Multi-instrumentalist Eric Weissberg, half of the duo (along with Steve Mandell) that scored an unlikely #2 hit in 1973 with “Dueling Banjos,” popularized in the hit film Deliverance, died March 22, 2020, at a nursing home near Detroit, Mich. The cause was Alzheimer’s disease. Weissberg was 80.

The film, based on a 1970 novel by James Dickey, starred Burt Reynolds and Jon Voight, with Ned Beatty and Ronny Cox, as four friends who go on a canoe trip in remote Georgia. The plot quickly positioned them as “city boys” with several locals they meet, setting the tone for a deadly encounter that will occur later.

In the film, there’s a famous scene showing the backwoods character Lonnie (Billy Redden) and one of the adventurers, Drew Ballinger (Cox), picking a song in a country setting. The actual performance was by Mandell and Weissberg, who plays the banjo on the recording. Despite its title, the hit recording features guitar and banjo, not actual “dueling banjos.” (As the actors did not play instruments, they were shown miming to the Weissberg-Mandell recording.)

Listen to Eric Weissberg and Steve Mandell’s hit rendition of “Dueling Banjos”

“Dueling Banjos” was written in 1954 by Arthur “Guitar Boogie” Smith under the title “Feudin’ Banjos.” Smith recorded it the following year, accompanied by bluegrass banjoist Don Reno, but its first wide-scale airing came in 1963 when the song was performed on The Andy Griffith Show by a group called the Darlings, who in actuality were the popular acoustic music group the Dillards.

Eric Weissberg (left) and Steve Mandell in an undated photo

The recording by Weissberg and Mandell was released on Warner Bros. Records and debuted at #92 on the singles chart on January 6, 1973. Rising quickly, it reached #1 on the Record World chart on February 17 (staying on top for a second week).
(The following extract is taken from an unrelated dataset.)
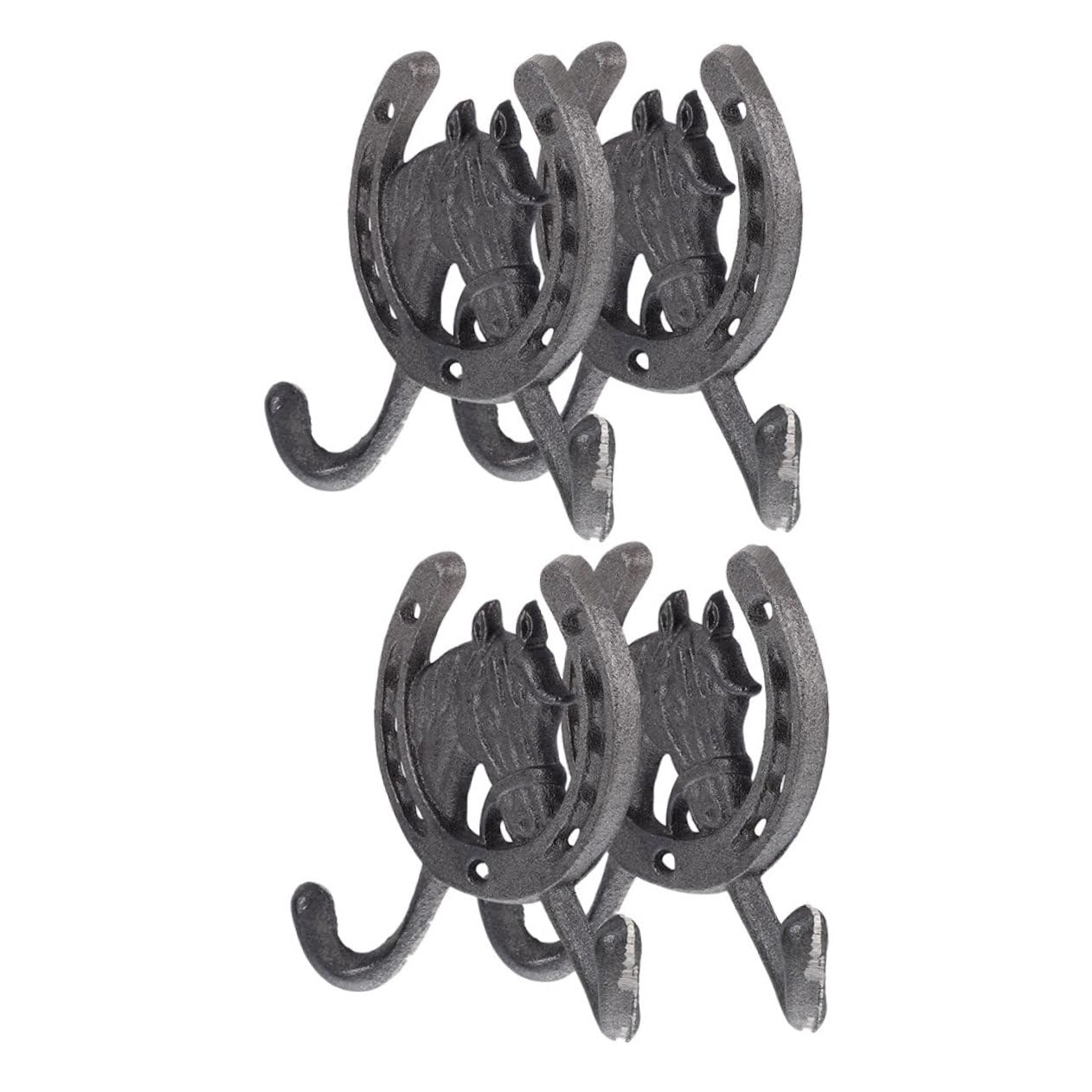 Happyyami Sturdy Iron Horseshoe Wall Hooks 4 Pack Rustic Decor for Living Room Bedroom Entryway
The album Dueling Banjos From The Original Motion Picture Soundtrack Deliverance And Additional Music, credited to Weissberg and Mandell, reached #1 on the Billboard LP chart in 1973. (According to Wikipedia, “The album was made up mostly of tracks which Weissberg had recorded on New Dimensions in Banjo and Bluegrass [1963], with Marshall Brickman and Clarence White.”)
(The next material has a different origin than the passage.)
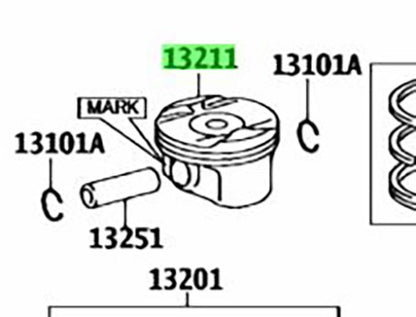 OEM Toyota Lexus Engine Piston Assembly Factory Part 13211-36041-A0 1321136041A03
The title song, produced by Joe Boyd, won the Grammy for Best Country Instrumental. (Smith successfully sued the film studio for using the song without his permission.)

Related: What were some of the other surprising radio hits of the ’70s?

Mandell, the guitar-playing half of the duo that recorded “Dueling Banjos,” died March 14, 2018, of prostate cancer at his home in Owings Mills, Md. He was 76.

Weissberg, born August 16, 1939, joined the folk group the Greenbriar Boys in 1958-59, then began playing with a folk group, the Tarriers, while a student at New York’s Juilliard School of Music. The Tarriers accompanied Judy Collins on a European tour and the singer used Weissberg as a musician on her Fifth Album (1965). Weissberg was also a prolific session musician, accompanying such varied artists as Bob Dylan (Blood on the Tracks), Melanie, Billy Joel, Jim Croce, Talking Heads (Little Creatures), Richard Thompson and Frankie Valli. In addition to banjo, Weissberg played fiddle, guitar, Dobro and mandolin, and he sang.

Mandell and Weissberg toured to capitalize on their duet hit, under the name Eric Weissberg and Deliverance. Weissberg continued to perform at folk festivals until the onset of his illness.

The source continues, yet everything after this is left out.